BEGIN DATA

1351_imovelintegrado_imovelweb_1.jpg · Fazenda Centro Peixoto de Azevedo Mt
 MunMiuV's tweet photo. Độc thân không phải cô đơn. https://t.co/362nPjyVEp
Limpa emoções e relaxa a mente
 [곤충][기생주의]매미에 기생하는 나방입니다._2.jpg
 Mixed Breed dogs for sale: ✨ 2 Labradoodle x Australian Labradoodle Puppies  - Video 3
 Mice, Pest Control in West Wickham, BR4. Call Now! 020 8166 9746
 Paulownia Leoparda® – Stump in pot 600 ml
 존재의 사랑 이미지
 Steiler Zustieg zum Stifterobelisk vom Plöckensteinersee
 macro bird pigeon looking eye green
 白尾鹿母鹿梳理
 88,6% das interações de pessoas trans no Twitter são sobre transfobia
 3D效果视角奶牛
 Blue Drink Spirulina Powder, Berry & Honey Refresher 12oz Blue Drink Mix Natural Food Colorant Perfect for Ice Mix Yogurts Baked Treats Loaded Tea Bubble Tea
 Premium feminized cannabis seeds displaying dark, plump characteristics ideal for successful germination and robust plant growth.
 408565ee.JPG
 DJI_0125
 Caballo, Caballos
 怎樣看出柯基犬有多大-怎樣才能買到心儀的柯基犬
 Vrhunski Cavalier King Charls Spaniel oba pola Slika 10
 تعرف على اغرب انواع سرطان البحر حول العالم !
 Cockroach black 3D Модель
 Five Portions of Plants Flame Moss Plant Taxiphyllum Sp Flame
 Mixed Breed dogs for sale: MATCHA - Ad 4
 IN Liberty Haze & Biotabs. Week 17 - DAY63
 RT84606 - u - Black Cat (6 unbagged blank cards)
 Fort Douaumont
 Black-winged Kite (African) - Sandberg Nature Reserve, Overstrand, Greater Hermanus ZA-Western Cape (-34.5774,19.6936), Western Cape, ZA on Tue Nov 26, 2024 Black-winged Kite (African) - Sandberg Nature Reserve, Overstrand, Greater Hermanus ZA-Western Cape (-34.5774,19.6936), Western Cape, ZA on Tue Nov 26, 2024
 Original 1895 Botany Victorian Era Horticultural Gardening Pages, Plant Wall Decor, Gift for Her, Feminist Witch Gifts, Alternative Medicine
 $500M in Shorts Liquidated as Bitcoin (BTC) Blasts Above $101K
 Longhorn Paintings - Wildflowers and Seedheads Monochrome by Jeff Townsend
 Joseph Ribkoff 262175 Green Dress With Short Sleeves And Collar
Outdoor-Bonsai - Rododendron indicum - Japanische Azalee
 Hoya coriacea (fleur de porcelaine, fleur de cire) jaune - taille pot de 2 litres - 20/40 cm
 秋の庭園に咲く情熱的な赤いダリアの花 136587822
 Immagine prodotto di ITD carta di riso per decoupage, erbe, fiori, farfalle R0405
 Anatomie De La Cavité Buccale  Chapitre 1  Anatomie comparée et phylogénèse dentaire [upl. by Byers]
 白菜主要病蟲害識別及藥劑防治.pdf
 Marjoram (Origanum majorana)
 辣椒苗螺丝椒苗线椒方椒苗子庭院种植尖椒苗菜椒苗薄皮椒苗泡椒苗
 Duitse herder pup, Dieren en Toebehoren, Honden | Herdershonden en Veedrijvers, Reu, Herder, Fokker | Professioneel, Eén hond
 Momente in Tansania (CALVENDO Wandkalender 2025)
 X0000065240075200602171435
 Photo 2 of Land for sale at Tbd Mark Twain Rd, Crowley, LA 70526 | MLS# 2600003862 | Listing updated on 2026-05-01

END DATA

» TO DO
Scan the records above for the lines holding "Fort Douaumont" and "Longhorn Paintings - Wildflowers". Transcribe those two and every line between them word for word, and no others.

» FINISHED TASK
 Fort Douaumont
 Black-winged Kite (African) - Sandberg Nature Reserve, Overstrand, Greater Hermanus ZA-Western Cape (-34.5774,19.6936), Western Cape, ZA on Tue Nov 26, 2024 Black-winged Kite (African) - Sandberg Nature Reserve, Overstrand, Greater Hermanus ZA-Western Cape (-34.5774,19.6936), Western Cape, ZA on Tue Nov 26, 2024
 Original 1895 Botany Victorian Era Horticultural Gardening Pages, Plant Wall Decor, Gift for Her, Feminist Witch Gifts, Alternative Medicine
 $500M in Shorts Liquidated as Bitcoin (BTC) Blasts Above $101K
 Longhorn Paintings - Wildflowers and Seedheads Monochrome by Jeff Townsend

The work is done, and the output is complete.